Today’s Wonder of the Day was inspired by Jodie . Jodie Wonders, “Why does a bagel have a hole in the middle?” Thanks for WONDERing with us, Jodie !
Your alarm goes off and you roll out of bed with a big stretch and a yawn. Sadly, it's a Monday and that means your weekend is over and it's back to your usual routine. Oh well, it's time to hit the kitchen for a healthy breakfast to start the day.
On your way downstairs, you begin to brighten up a bit when you remember what your mom bought at the grocery store yesterday. It's your favorite round treat with a hole in the middle. Is it a donut? Nope! It's a bagel!
Many people trace the history of the bagel back to a popular Polish legend. According to the old tale, bagels were invented in 1683 as a tribute to Polish King Jan Sobieski, who successfully fought off Turkish invaders to save the city of Vienna.
Historians, however, point out that round breads with a hole in the middle have been around for centuries. This makes sense since round breads with a hole in the middle are easy to put on a string or a stick for transport or storage.
Some of these ancient bagel precursors include taralli and ciambelle from Italy and girde from China. However, the oldest bagel-like treat may date all the way back to the ancient Egyptians.
Eastern European immigrants brought the bagel to the United States in the mid- to late-1800s. They were particularly popular with Jewish immigrants. For many years, though, they remained primarily an ethnic specialty that was mainly popular in places like New York City, which had a large Jewish population.
Today, bagels are hugely popular and aren't usually considered an ethnic food. When did they become so mainstream? Historians point to the 1970s when a family named the Lenders began mass marketing their brand of frozen bagels.

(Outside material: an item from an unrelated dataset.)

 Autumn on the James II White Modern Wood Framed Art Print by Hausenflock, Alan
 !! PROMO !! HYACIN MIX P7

Lender's Bagels became so popular that Kraft Foods bought the company in 1984. Many believed this was a natural fit, since Kraft also makes Philadelphia cream cheese, a popular bagel topping. By the mid-1990s, bagels were a multibillion dollar industry in the United States.

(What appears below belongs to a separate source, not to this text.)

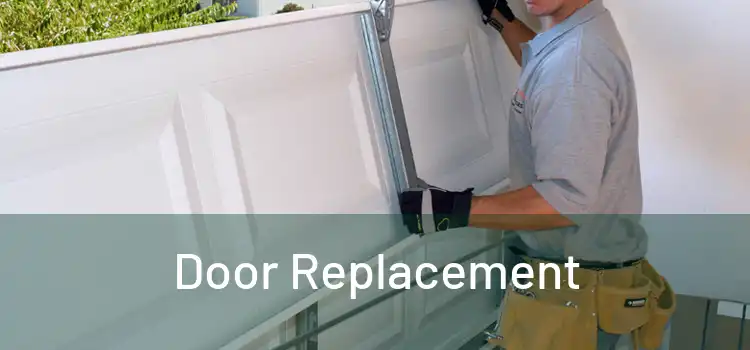  Door Replacement 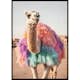 Poster Gallerix Camel In Colors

Today, grocery stores offer a wide variety of fresh and frozen bagels. In addition, there are many specialty bagel bakeries all over the country.
Bagels can now be found in a stunning variety of flavors, including plain, salt, garlic, sesame seed, onion, egg, poppy seed, pumpernickel, sun-dried tomato, asiago, cheddar, cinnamon raisin, blueberry, chocolate chip, and everything (usually a mixture of salt, garlic, onion, sesame seed, and poppy seed).
If you've ever eaten a bagel, you know they have a unique chewy crust and dense interior. The key to making bagels this way is boiling them before baking. Boiling them for 30-60 seconds on each side sets the crust before they go into the oven.
With a set crust, bagels don't rise very much in the oven, giving them a dense interior. The longer they're boiled before going in the oven, the thicker and chewier the crust will be.